The photograph, taken in February 2015, was first published as part of a photo story on Mada Masr’s Panorama, titled, “Ancient moulids face modern pressures.”
Abd al-Gawwad selected this image from over 70 shots he took of the same woman.
“I kept taking photos of her until I felt like I had what I wanted,” he says.
As is palpable in the photo, the woman’s dancing was harmonious and serene, in direct contrast with the loud, bustling music that was playing around her, according to Abd al-Gawwad.
“You could place this photo against a background of slow music and it would still fit,” he says.
The photographer explains that what drew him to this woman was her natural performance, as opposed to others who “put on a show,” and exaggerate their moves for the camera.
Unite for Heritage is a global movement launched by UNESCO to counter what it deems “unprecedented recent attacks on heritage.” It aims to celebrate and safeguard cultural heritage and diversity around the world, calling on people to stand up against extremism and radicalization by celebrating places, objects and cultural traditions.
Abd al-Gawwad says he expected other photographers to submit photos of ancient sites that have been “left behind,” representing heritage in a more physical sense. His interest is more in “living heritage,” as embodied in people themselves.
“It is very easy for people who are not from here to see the Nile or the pyramids, but this is something they might not necessarily ever get to see. It is difficult to go to a place like this and see a woman dancing with a man in the background playing an instrument,” he says.

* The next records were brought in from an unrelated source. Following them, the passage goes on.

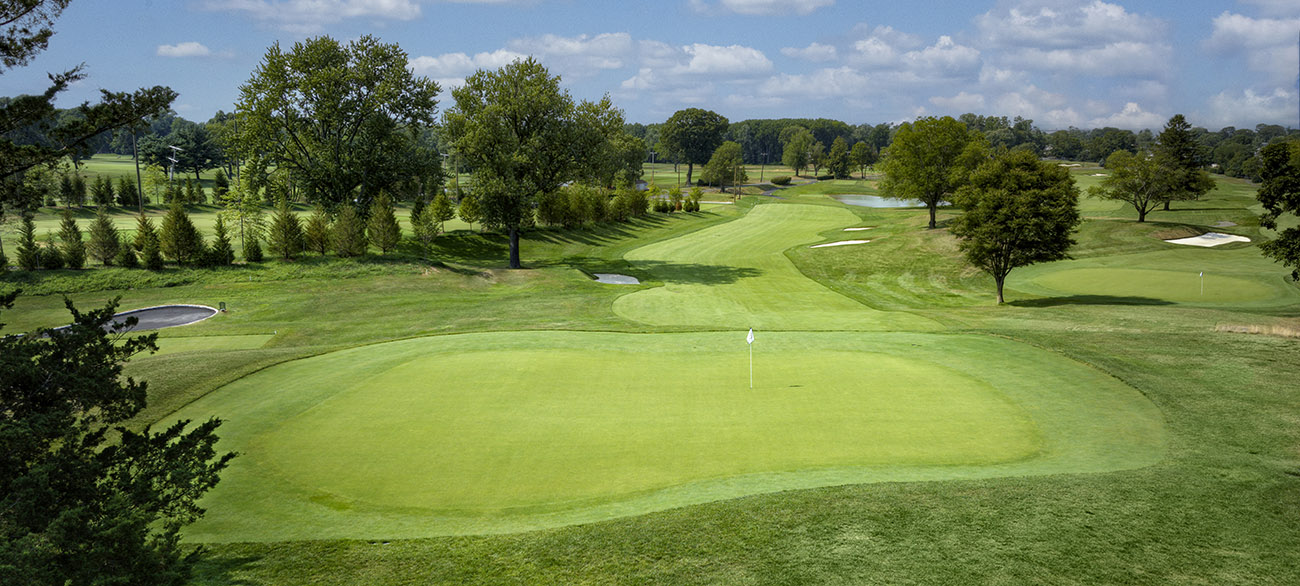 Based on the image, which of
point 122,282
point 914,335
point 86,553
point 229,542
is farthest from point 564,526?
point 122,282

When announcing the award, UNESCO said the emotion on the face of the woman dancing, as others look on, “showcases the powerful role of heritage in the lives of local communities.”
While Abd al-Gawwad is grateful for the acknowledgment he received through winning this competition, he sees such awards as a double-edged sword. “Now I’m worried that my next photo project is not going to be on par,” he says, adding, “this is why I’m more careful now and am taking it slowly, because when I produce something it has to be good.”
The 27-year-old photographer previously received an award from the European Union for a photo of a child in the informal area of Duweiqa, as well as the Hani Darwish award for a photo story on a fire in Bulaq.
Abd al-Gawwad is an accountant and content creator. He has worked as a freelance photographer for several local publications and attended a number of photography training workshops.